La famosa balada "Hallelujah" de Leonard Cohen suele evocar emociones profundas, y su título en hebreo —que significa "Gloria a Dios"— invita naturalmente a pensar en un contexto sagrado. Pero la intención detrás de la canción no es tan sencilla como parece.
Cuando Cohen la grabó por primera vez, ya con 50 años, no la vio como un himno religioso, sino como una expresión vital. Dijo que era "bastante alegre" y que nació de "un deseo de afirmar mi fe en la vida, no de una manera religiosa formal, sino con entusiasmo, con emoción". Para él, la palabra "aleluya" no pertenecía únicamente a los templos. Podía ser un grito de amor, de dolor, de belleza rota, de simple humanidad.
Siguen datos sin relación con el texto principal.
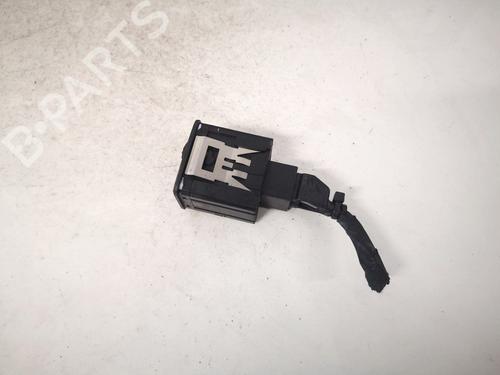 Switch VW PASSAT B6 (3C2) 2.0 TDI 16V | BP35449372I30 - Image 2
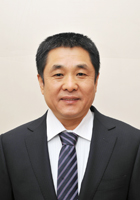 眼科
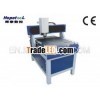 cnc carving machine 600*900mm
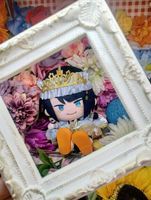 おまつちゃん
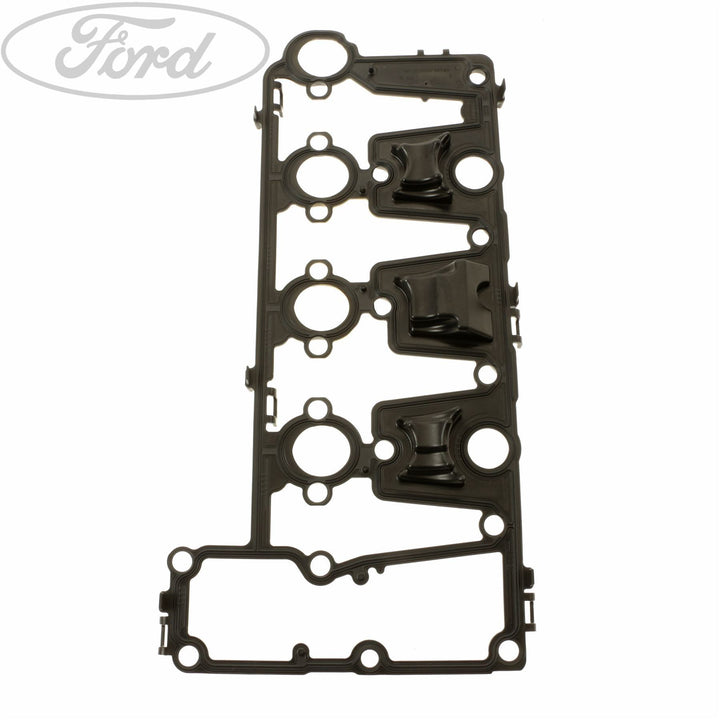 INLET MANIFOLD SEALING RING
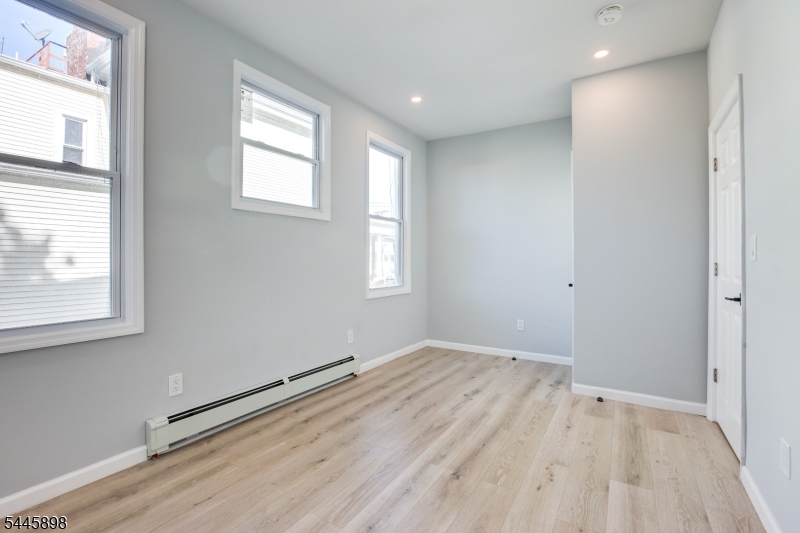 34 Millington Ave 1 Property Photo 5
Cohen mismo lo resumió mejor: "Hay un aleluya religioso, pero hay muchos otros". La genialidad de la canción está justamente en esa dualidad: mezcla referencias bíblicas —como la historia de David y Betsabé— con versos que hablan del amor humano, del deseo, de la pérdida. No se trata de negar lo sagrado, sino de ampliarlo.
Por eso "Hallelujah" trasciende las iglesias. Puede sonar en un velorio, en una boda, en un momento de soledad profunda, y seguir teniendo sentido. No es una canción sobre la religión, sino sobre el alma. Y en ese terreno, el "aleluya" de Cohen pertenece a todos los que alguna vez gritaron al vacío y encontraron, aunque fuera por un instante, una chispa de luz.